(TASK): Each line of data below must be printed exactly as written, with any pictures removed.

(STORED DATA):

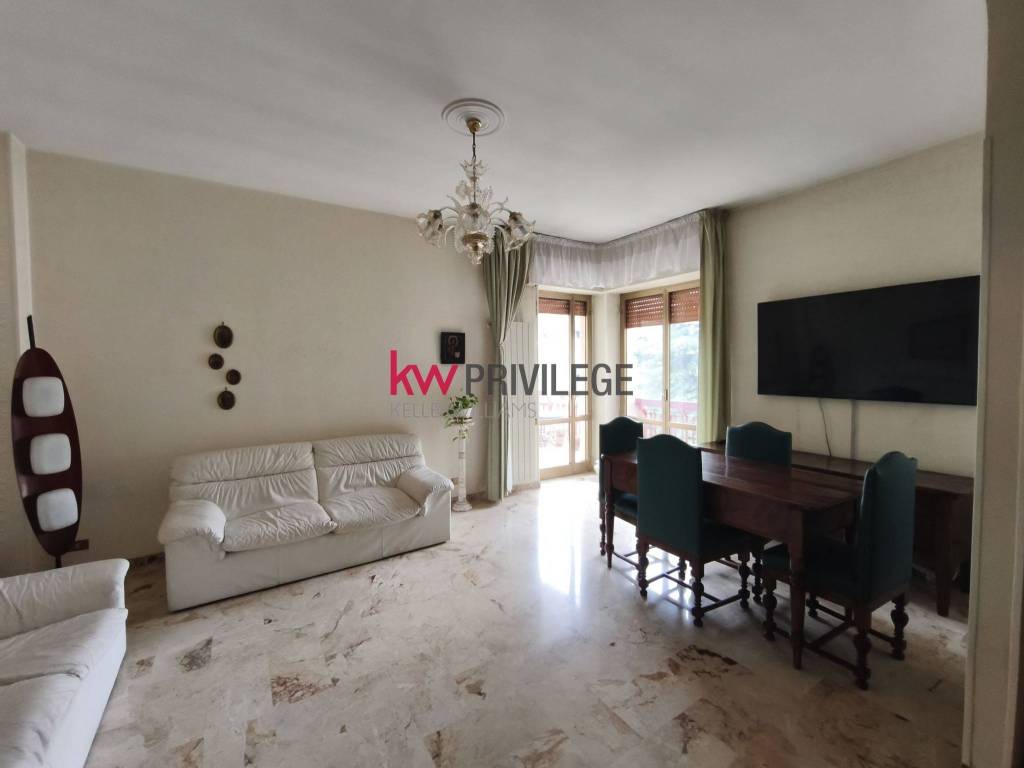 Appartamento a Brindisi in Viale Francia, 49 - Foto 2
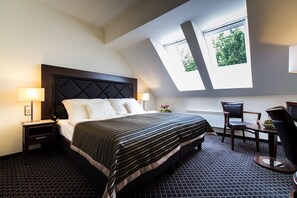 Deluxe Single Room | Minibar, in-room safe, desk, blackout drapes - Selsky Dvur Sivek Hotels (Prague)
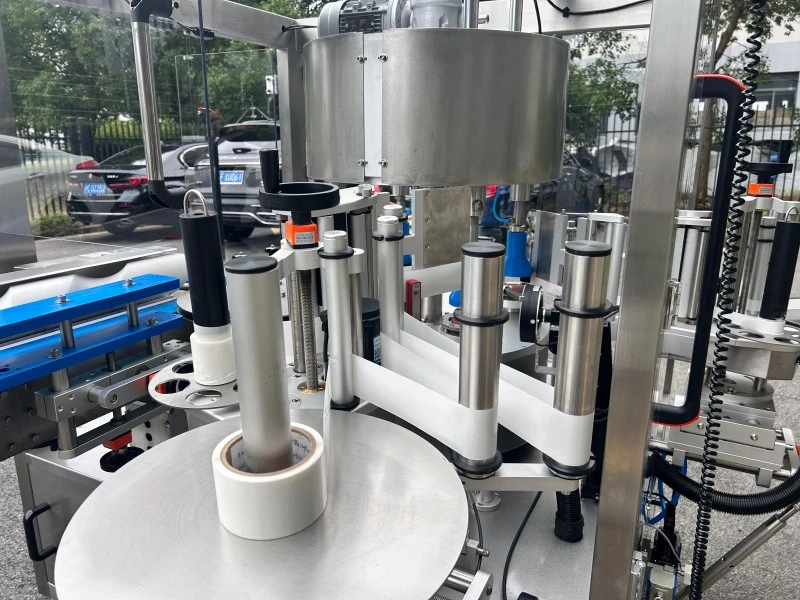 Shampoo Bottle Self Adhesive Labeling Machine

(REPLY):
 Appartamento a Brindisi in Viale Francia, 49 - Foto 2
 Deluxe Single Room | Minibar, in-room safe, desk, blackout drapes - Selsky Dvur Sivek Hotels (Prague)
 Shampoo Bottle Self Adhesive Labeling Machine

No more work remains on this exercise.